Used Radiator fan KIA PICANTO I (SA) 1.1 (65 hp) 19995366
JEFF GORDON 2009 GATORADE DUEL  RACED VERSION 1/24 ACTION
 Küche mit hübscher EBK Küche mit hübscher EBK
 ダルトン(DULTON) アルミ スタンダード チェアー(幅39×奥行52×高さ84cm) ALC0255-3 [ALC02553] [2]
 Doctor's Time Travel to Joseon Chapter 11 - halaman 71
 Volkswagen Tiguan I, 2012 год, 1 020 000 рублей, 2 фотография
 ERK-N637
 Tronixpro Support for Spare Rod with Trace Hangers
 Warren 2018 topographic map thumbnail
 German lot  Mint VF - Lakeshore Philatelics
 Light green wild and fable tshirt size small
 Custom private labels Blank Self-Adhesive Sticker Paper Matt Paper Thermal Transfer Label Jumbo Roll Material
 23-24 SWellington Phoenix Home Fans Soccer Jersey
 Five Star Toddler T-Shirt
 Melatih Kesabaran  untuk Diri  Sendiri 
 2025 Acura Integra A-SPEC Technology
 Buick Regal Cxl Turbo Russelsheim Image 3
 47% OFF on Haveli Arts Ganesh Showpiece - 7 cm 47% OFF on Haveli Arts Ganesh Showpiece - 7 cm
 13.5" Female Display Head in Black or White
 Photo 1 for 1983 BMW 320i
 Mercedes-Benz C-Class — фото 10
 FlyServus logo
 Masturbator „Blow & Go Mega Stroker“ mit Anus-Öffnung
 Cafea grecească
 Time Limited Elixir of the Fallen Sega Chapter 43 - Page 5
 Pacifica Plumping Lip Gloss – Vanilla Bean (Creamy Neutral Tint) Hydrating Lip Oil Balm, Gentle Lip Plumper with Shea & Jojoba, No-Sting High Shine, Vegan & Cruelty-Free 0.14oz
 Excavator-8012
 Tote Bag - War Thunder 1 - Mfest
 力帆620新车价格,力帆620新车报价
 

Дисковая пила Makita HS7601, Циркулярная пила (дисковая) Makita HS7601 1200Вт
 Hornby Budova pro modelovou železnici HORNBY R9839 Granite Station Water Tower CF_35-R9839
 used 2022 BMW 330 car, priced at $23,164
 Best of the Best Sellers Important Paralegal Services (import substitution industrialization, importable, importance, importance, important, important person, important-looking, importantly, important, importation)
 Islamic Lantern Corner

• Assignment: From the entries above, write out only the lines starting at the line that holds "Pacifica Plumping Lip" and ending at the line that holds "力帆620新车价格,力帆620新车报价", keeping both and matching them exactly.

• Task response:
 Pacifica Plumping Lip Gloss – Vanilla Bean (Creamy Neutral Tint) Hydrating Lip Oil Balm, Gentle Lip Plumper with Shea & Jojoba, No-Sting High Shine, Vegan & Cruelty-Free 0.14oz
 Excavator-8012
 Tote Bag - War Thunder 1 - Mfest
 力帆620新车价格,力帆620新车报价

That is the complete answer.